Review: Obviously, this is one of the classic "dysutopian" works though I am inclined to not think that its strength came from the fact that its author lived in the 'fledgling socialist state' of Russia..... Nor am I inclined to list off a variety of other books in the same genre: that doesn't help anyone decide whether this book is really a worthwhile read (though 'Erehwon' by Samuel Butler is another book that should be massively well-regarded and just isn't....)

This is a really good book for a number of reasons, foremost among them that the state sketched by Zamiatin is the most modern, its characters the most well-crafted, and its strengths among how its author strung together his stream-of-consciousness like ideas. In the preface to this version it mentions that in this story it is unclear where the state is (i.e. unlike in 1984 where the story obviously takes place in Britain...)

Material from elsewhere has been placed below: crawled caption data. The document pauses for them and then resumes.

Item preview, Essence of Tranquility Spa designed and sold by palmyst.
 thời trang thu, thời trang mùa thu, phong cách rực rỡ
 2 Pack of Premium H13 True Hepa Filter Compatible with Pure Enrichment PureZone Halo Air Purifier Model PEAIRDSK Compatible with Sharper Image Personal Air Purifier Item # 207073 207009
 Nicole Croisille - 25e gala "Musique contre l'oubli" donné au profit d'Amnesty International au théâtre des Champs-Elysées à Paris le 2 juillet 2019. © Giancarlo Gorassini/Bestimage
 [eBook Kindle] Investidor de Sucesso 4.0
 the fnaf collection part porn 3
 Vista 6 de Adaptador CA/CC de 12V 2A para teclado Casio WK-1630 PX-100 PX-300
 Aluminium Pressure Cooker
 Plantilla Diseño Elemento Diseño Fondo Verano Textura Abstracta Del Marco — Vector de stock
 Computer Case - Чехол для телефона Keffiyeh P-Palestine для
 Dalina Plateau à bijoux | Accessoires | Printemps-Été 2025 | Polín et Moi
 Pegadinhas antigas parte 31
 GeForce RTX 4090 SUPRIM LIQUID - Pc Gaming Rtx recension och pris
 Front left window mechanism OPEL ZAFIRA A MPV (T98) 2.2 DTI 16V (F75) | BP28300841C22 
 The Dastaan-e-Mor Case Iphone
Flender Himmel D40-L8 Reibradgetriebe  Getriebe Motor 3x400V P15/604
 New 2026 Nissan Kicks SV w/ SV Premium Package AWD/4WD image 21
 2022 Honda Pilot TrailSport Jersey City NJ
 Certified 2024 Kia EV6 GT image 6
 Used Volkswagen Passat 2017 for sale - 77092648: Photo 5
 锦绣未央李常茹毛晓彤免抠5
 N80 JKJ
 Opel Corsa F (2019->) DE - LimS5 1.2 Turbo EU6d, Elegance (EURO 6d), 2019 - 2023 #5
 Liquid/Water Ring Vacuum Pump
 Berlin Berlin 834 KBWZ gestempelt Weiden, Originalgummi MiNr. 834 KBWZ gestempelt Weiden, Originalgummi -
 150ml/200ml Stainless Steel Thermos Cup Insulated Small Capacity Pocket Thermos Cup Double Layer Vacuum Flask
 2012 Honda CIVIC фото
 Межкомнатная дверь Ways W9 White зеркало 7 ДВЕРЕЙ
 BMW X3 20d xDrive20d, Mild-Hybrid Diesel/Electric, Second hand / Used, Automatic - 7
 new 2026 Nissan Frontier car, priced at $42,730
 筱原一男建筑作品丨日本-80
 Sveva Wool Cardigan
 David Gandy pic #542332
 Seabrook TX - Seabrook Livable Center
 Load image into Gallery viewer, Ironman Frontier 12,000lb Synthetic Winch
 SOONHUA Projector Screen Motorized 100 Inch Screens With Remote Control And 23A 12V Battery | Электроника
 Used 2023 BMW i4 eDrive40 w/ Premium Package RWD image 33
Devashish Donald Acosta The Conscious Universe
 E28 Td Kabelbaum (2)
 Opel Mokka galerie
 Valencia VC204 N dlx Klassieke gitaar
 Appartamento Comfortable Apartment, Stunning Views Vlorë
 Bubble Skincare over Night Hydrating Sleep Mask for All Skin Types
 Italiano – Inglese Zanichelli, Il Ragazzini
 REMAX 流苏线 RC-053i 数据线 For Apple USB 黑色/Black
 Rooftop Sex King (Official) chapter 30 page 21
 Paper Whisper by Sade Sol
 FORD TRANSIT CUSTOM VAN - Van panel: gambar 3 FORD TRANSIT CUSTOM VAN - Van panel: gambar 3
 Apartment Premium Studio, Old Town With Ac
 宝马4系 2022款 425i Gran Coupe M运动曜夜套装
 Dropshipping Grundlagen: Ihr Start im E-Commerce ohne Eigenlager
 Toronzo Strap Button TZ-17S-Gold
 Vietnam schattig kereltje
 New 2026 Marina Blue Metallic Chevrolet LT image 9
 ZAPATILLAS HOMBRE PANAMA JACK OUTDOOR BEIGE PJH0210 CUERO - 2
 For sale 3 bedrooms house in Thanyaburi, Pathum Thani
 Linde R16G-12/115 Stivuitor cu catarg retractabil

It is obvious that the author is Russian. No Western author would have alluded to Plato's "The Republic" for the whole of a novel so strongly without admitting to it. And perhaps, moreso than socialist Russia, was where he was drawing his source material.

Rating: 5 stars
Summary: This edition reproduces the first English translation
Review: I'm writing this note just to alert readers that this large-print, hardcover edition of Zamiatin's We is not the translation by Mirra Ginsburg. I bought this book thinking it was Ginsburg's modern translation; she also translated his stories and essays, both great books. This particular edition actually uses the very first translation from Russian into English, by Gregory Zilboorg, published originally in 1924. This is the version Huxley, Orwell and Rand actually read; this is the version that influenced their respective dystopias: Brave New World, 1984 and Anthem. I have no means to compare this edition to Ginsburg's, but so far it appears to be just as readable. The question is: is it complete? In any case, the book itself is nice: a large-print, hardcover edition.

Rating: 4 stars
Summary: The precursor to other famous dystopias
Review: WE was the prototype for both Orwell's 1984 and Huxley's BRAVE NEW WORLD and you can see the elements of both contained in this novel. Given the fairly obvious allusions to Communist Russia it is no surprise that the novel was suppressed for so long. The representation of people by numbers (the central character is D-503), and the conditioning of people to accept the denial of their individuality, are still things which raise alarms in various parts of the world today. The novel is complex in that there are some aspects of this society of which Zamyatin seems to approve. Our initial impressions would normally be that his presentation is focussed upon negatives. In this translation the novel is not too difficult to read. It is a good challenge to all of us to think about how our own societies (and the parts of them that we have some influence upon ie: our families etc.) are ordered.

Rating: 5 stars
Summary: life in OneState
Review: After reading this book I can feel the strong underlying philosophies that influenced George Orwell to write "1984." The novel is premised on an orderly mathematical philosophy to life; that each day brings no surprises, all things have order and structure. Each person relates an unknown as chaos. I felt the strongest point challenged in this book took place in record 30, when a D-503 is expressing his belief that a revolution is wrong because the great benefactor said that the last revolution took place years ago. To rebut this coming from the mind of a mathematician I-330 says "what's is the last number?" Proving that if there can be no last number, there can be no last revolution! While reading this book I found it hard to decipher between reality and dream sequences, a point I feel the author was striving for. If you still have the chance I suggest you read this before "1984" .... not the year, the book!